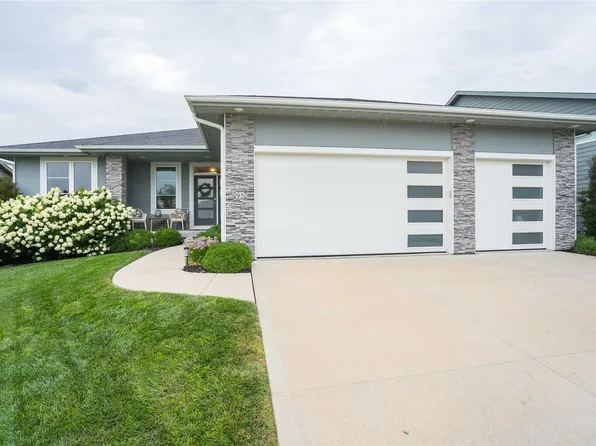 95 SE Waddell Way, Waukee, IA 50263
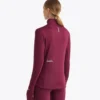 L. Warm Up Winter Protection Thermoregulating fleece with FIBRAZERO fabric – Winter Protection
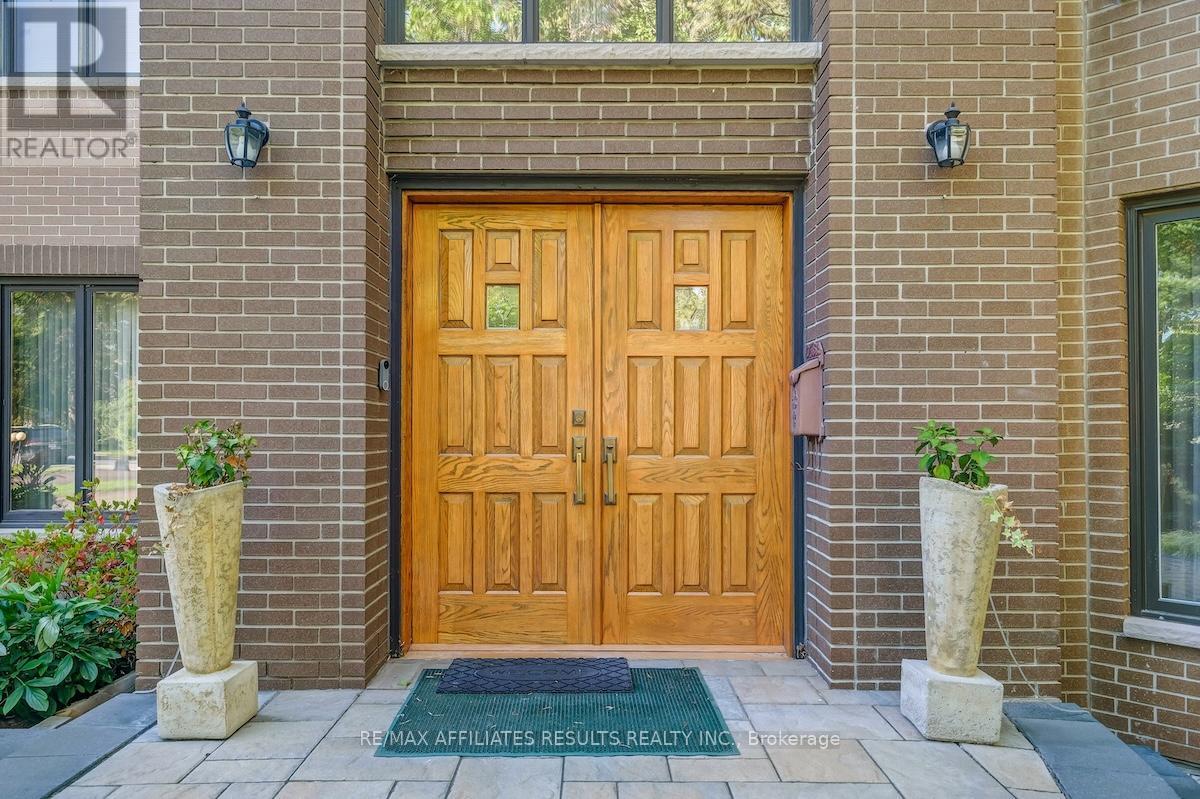 30 PENTLAND CRESCENT, Ottawa, Ontario, K2K1V5 — Photo 4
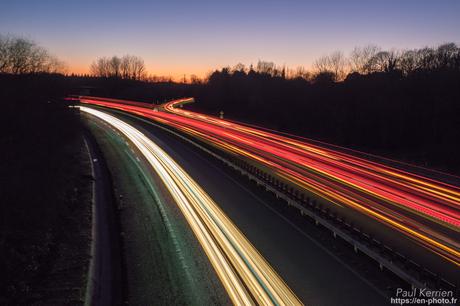 qu'il était beau, cet arc en ciel ! à #Quimper #Bretagne #Finistère qu'il était beau, cet arc en ciel ! à #Quimper #Bretagne #Finistère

▸ Action item:
Each line above is to be copied verbatim. Drop any image from the copy.

▸ Exercise solution:
 95 SE Waddell Way, Waukee, IA 50263
 L. Warm Up Winter Protection Thermoregulating fleece with FIBRAZERO fabric – Winter Protection
 30 PENTLAND CRESCENT, Ottawa, Ontario, K2K1V5 — Photo 4
 qu'il était beau, cet arc en ciel ! à #Quimper #Bretagne #Finistère qu'il était beau, cet arc en ciel ! à #Quimper #Bretagne #Finistère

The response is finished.